Work task: Return all of the data exactly as written, without the pictures.

====== Data block

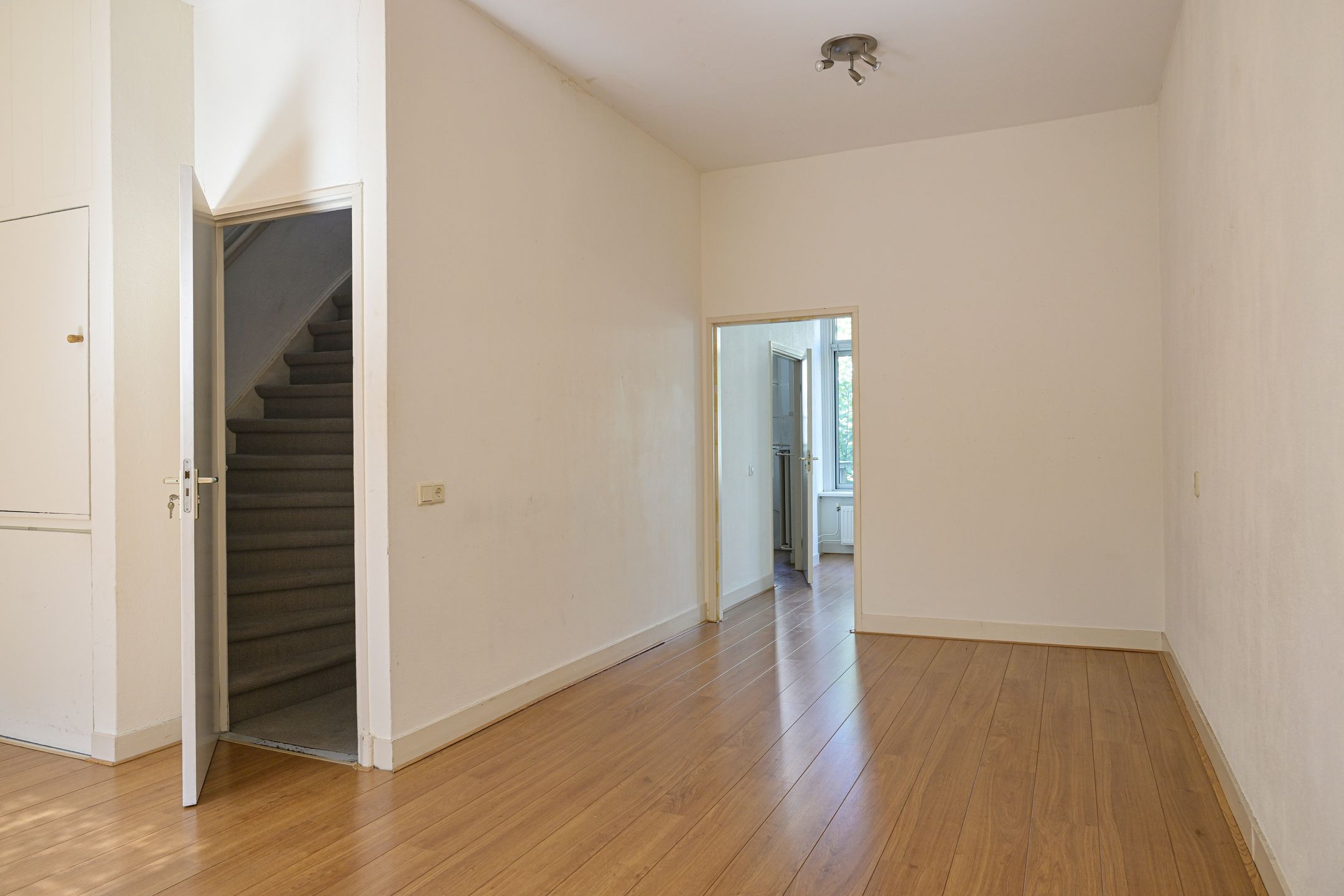 Photo 6 of Adamshofstraat 111-B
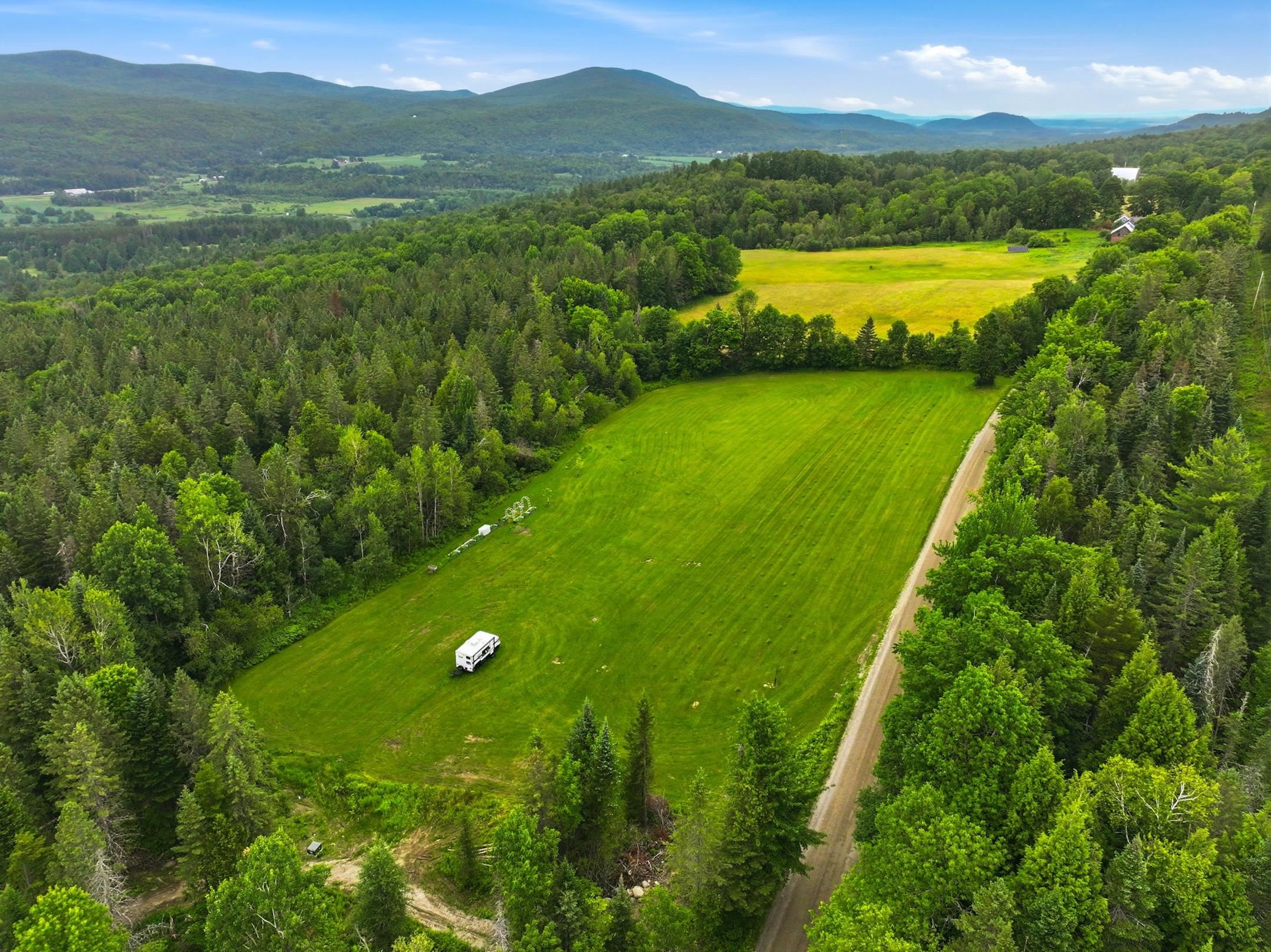 1090 Center Road Unit: Lot #3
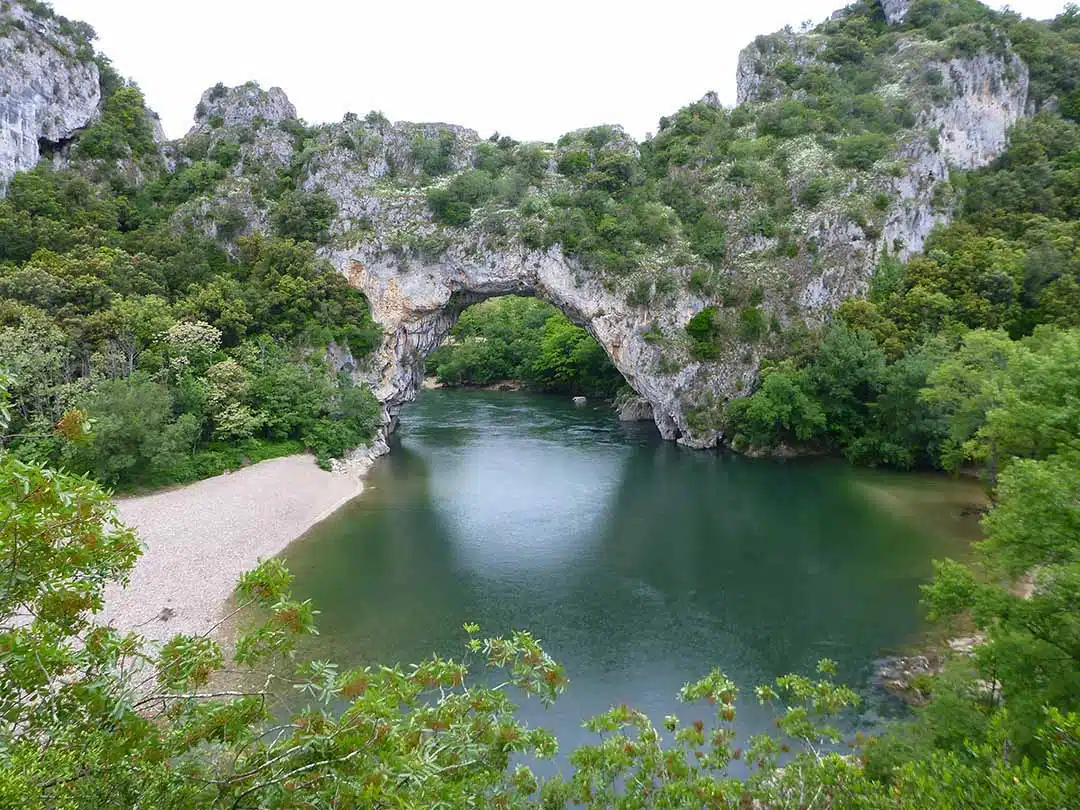 Pont d'Arc le la rivière Ardèche commune Vallon Pont d'Arc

============

Final answer:
 Photo 6 of Adamshofstraat 111-B
 1090 Center Road Unit: Lot #3
 Pont d'Arc le la rivière Ardèche commune Vallon Pont d'Arc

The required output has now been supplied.